## Work task
Print only the lines below from the one with "blouson police, Comme" to the one with "Desktop Screenshot of amcrclinic.com", both included, exactly as they stand. Leave pictures out.

## Supplied data
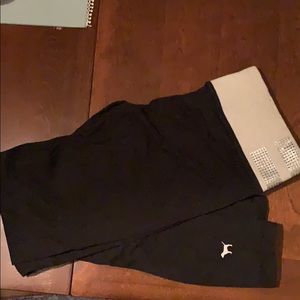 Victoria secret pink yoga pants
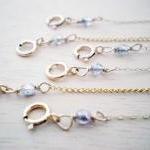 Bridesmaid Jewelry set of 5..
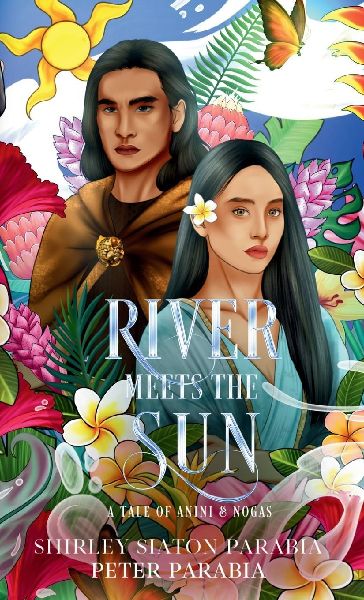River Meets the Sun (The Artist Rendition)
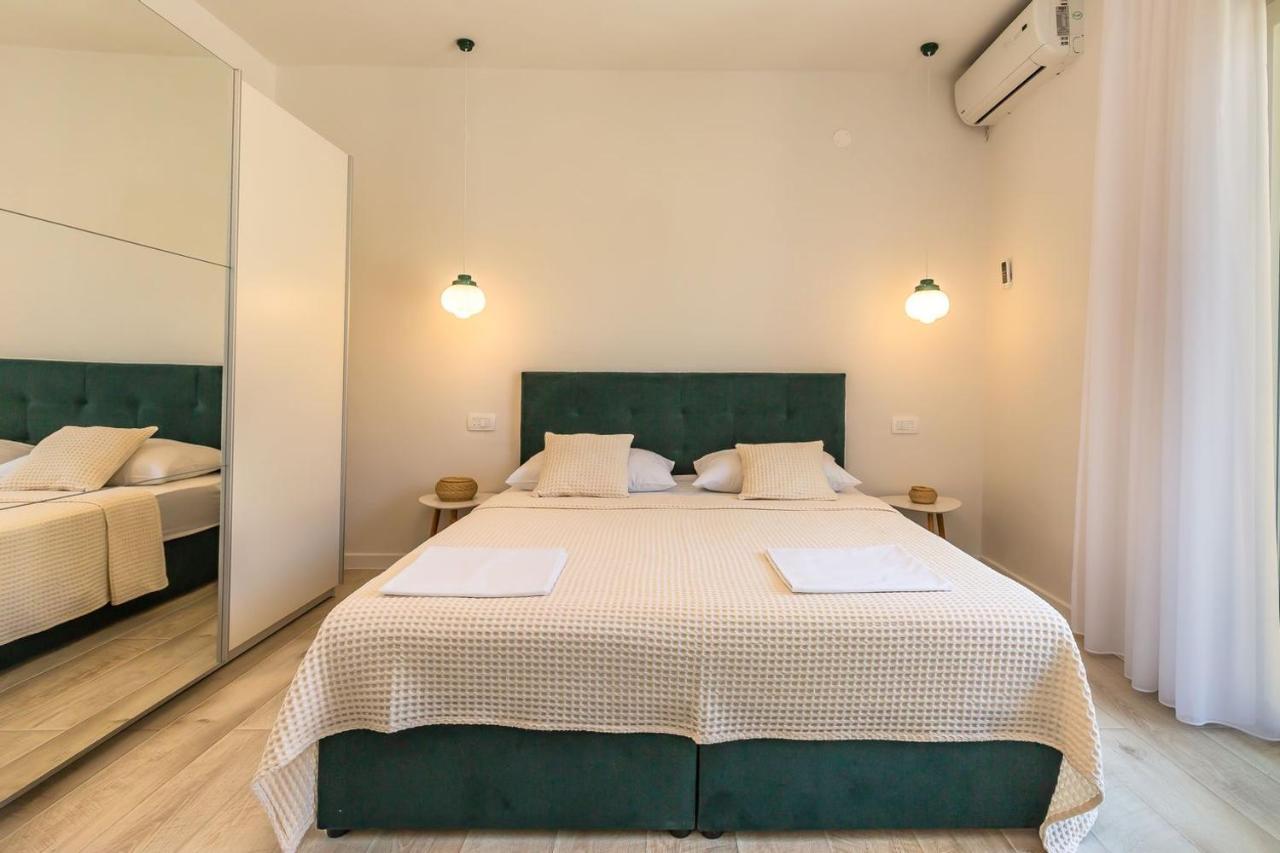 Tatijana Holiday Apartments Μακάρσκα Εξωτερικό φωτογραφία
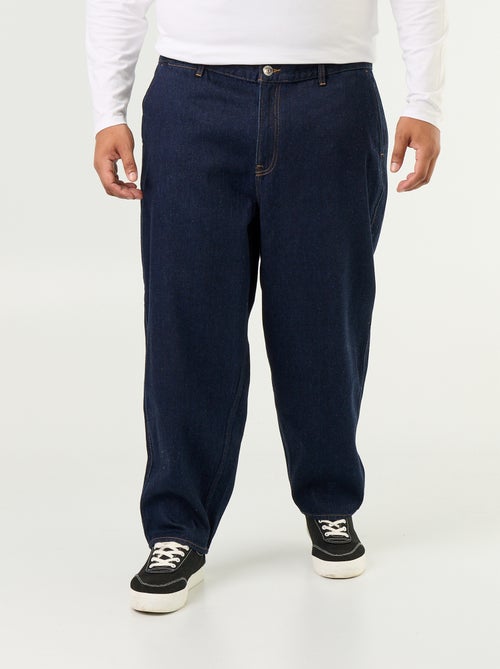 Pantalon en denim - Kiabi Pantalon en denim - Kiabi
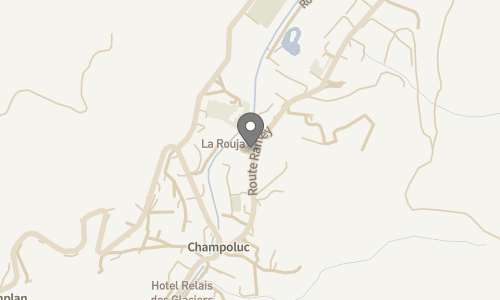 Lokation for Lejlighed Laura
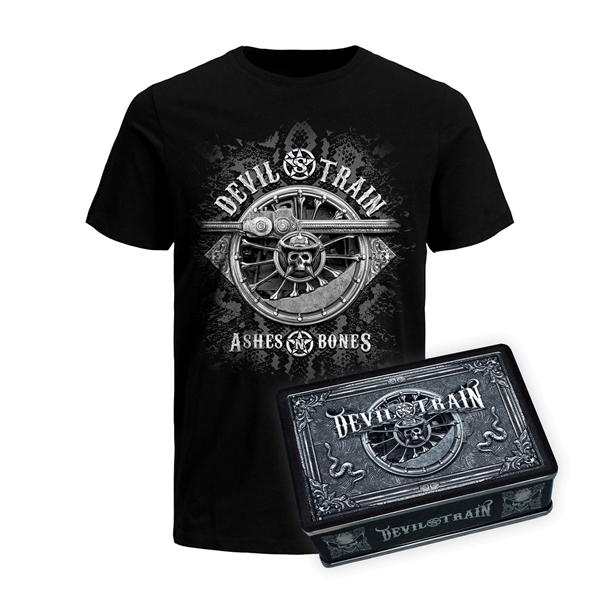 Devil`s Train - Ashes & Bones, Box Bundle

==

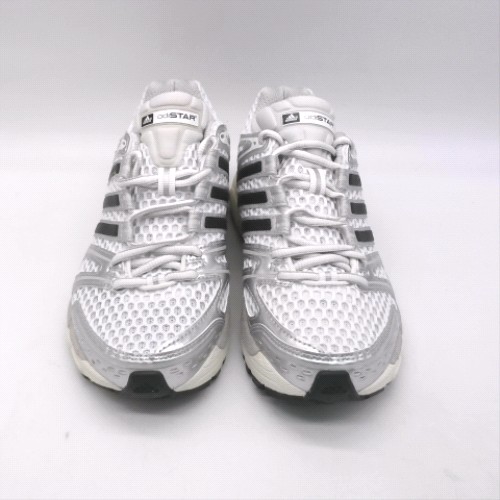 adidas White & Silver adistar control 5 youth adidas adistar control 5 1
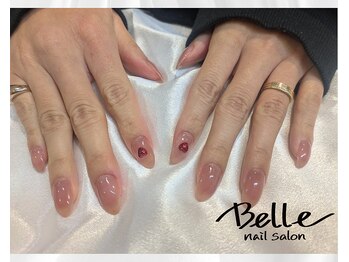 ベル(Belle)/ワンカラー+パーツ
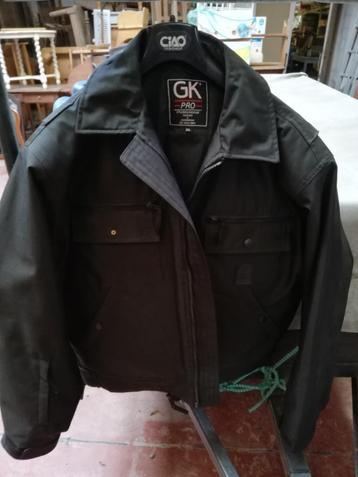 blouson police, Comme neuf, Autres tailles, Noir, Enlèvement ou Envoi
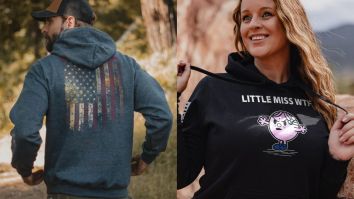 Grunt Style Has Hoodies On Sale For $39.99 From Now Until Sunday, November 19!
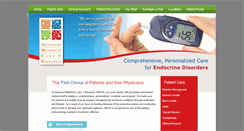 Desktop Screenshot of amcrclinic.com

## Answer to this exercise
 blouson police, Comme neuf, Autres tailles, Noir, Enlèvement ou Envoi
 Grunt Style Has Hoodies On Sale For $39.99 From Now Until Sunday, November 19!
 Desktop Screenshot of amcrclinic.com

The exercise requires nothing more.